WHAT YOU SHOULD DO —
Return the data below unchanged, without images.

STORED DATA —
···

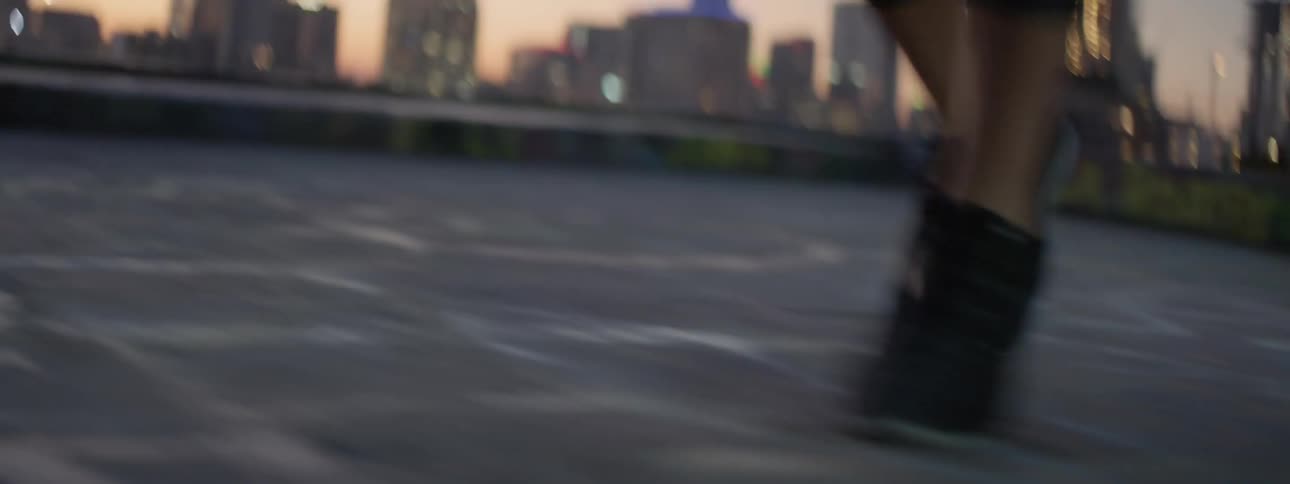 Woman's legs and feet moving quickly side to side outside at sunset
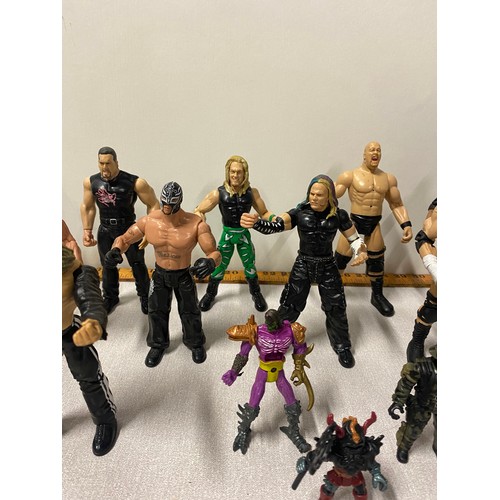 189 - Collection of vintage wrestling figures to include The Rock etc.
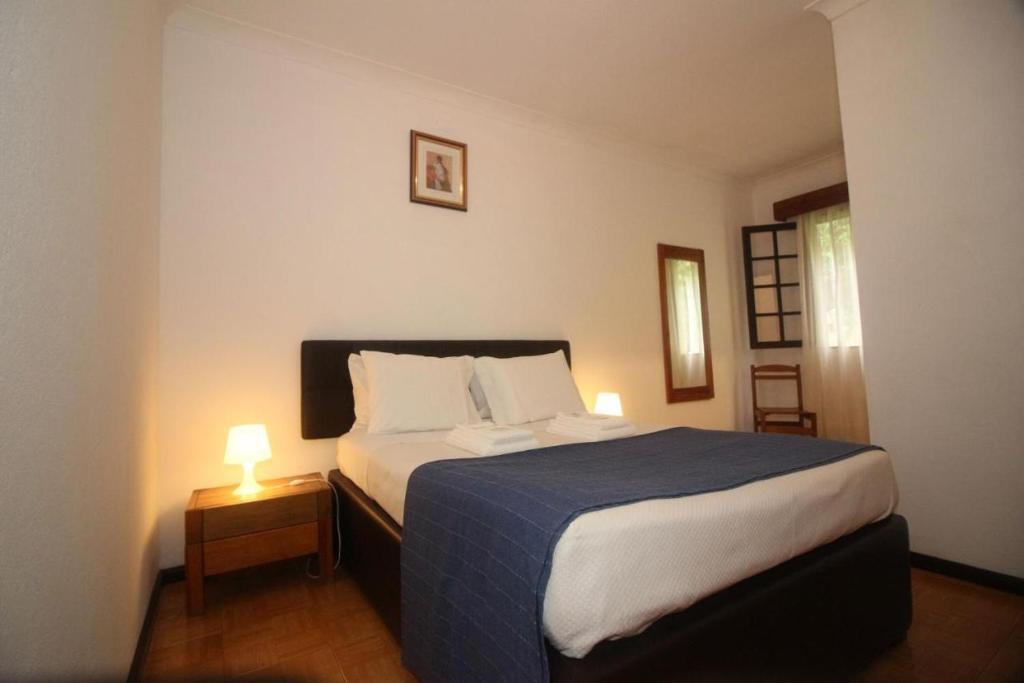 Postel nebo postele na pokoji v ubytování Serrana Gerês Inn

···

RESPONSE AREA —
 Woman's legs and feet moving quickly side to side outside at sunset
 189 - Collection of vintage wrestling figures to include The Rock etc.
 Postel nebo postele na pokoji v ubytování Serrana Gerês Inn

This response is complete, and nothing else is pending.